== Task instructions ==
Starting at the first line of the material below, retype each line exactly until you reach the line with "Hey, how are", which is also included; pictures stay out.

== Given data ==
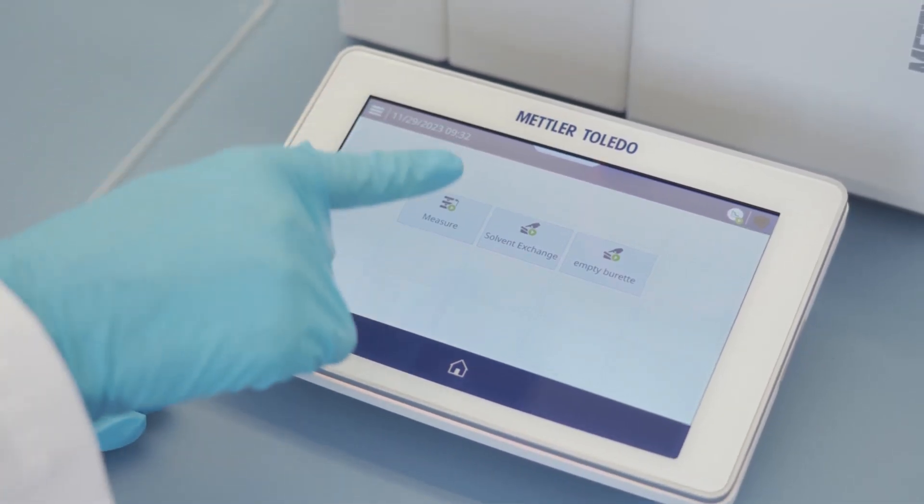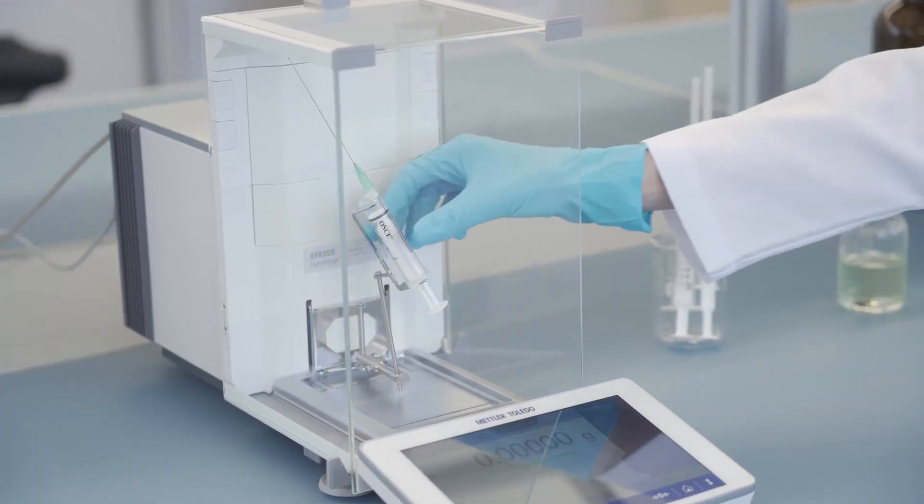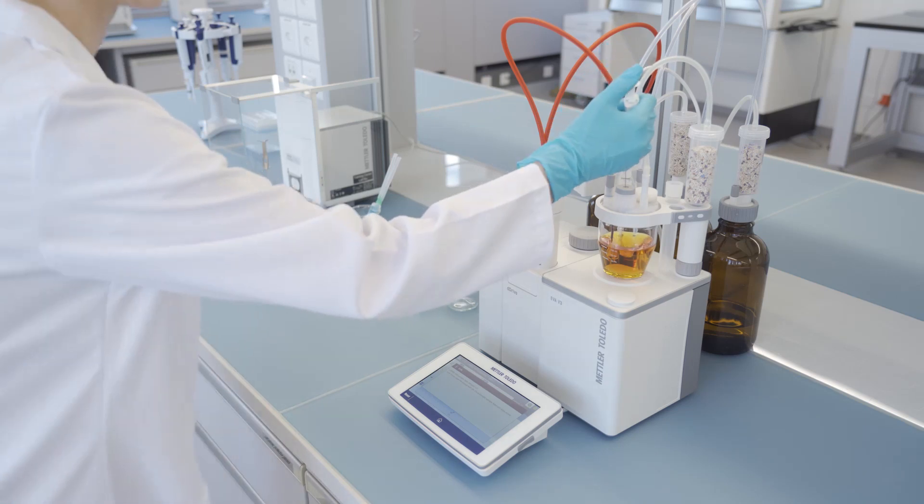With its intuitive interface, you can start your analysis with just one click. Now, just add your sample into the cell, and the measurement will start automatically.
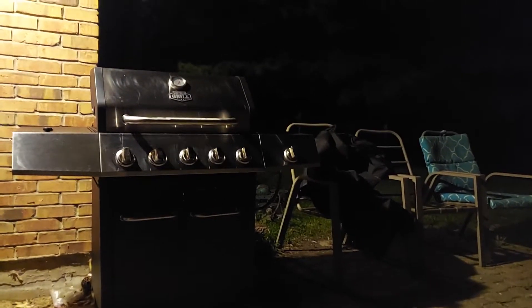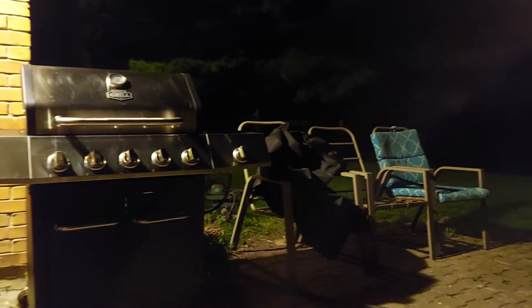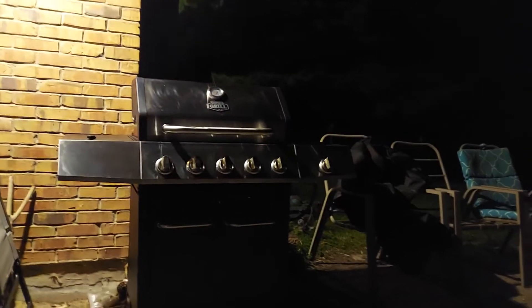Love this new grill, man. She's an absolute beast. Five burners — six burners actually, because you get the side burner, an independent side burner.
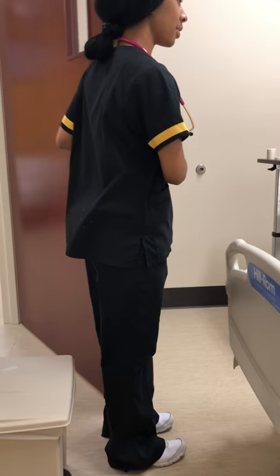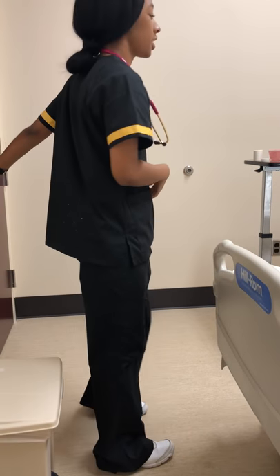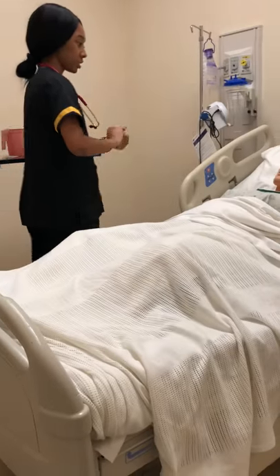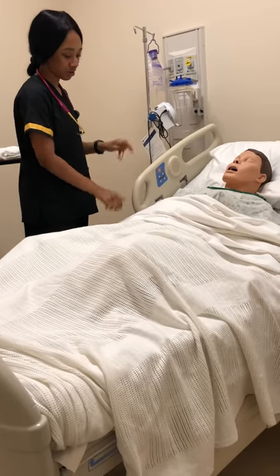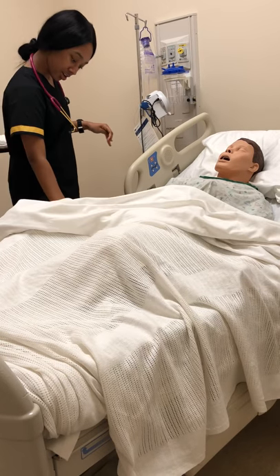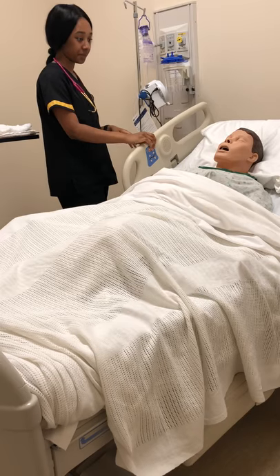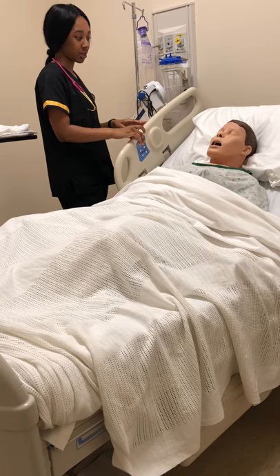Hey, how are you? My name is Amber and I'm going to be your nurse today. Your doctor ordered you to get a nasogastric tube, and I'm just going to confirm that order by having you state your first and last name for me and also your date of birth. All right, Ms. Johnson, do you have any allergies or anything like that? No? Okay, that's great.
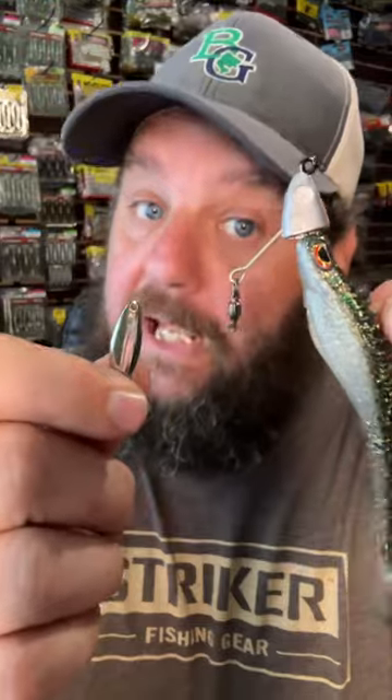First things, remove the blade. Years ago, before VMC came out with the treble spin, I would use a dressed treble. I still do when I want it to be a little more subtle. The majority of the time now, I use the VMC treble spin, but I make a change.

== Answer area ==
With its intuitive interface, you can start your analysis with just one click. Now, just add your sample into the cell, and the measurement will start automatically.
Love this new grill, man. She's an absolute beast. Five burners — six burners actually, because you get the side burner, an independent side burner.
Hey, how are you? My name is Amber and I'm going to be your nurse today. Your doctor ordered you to get a nasogastric tube, and I'm just going to confirm that order by having you state your first and last name for me and also your date of birth. All right, Ms. Johnson, do you have any allergies or anything like that? No? Okay, that's great.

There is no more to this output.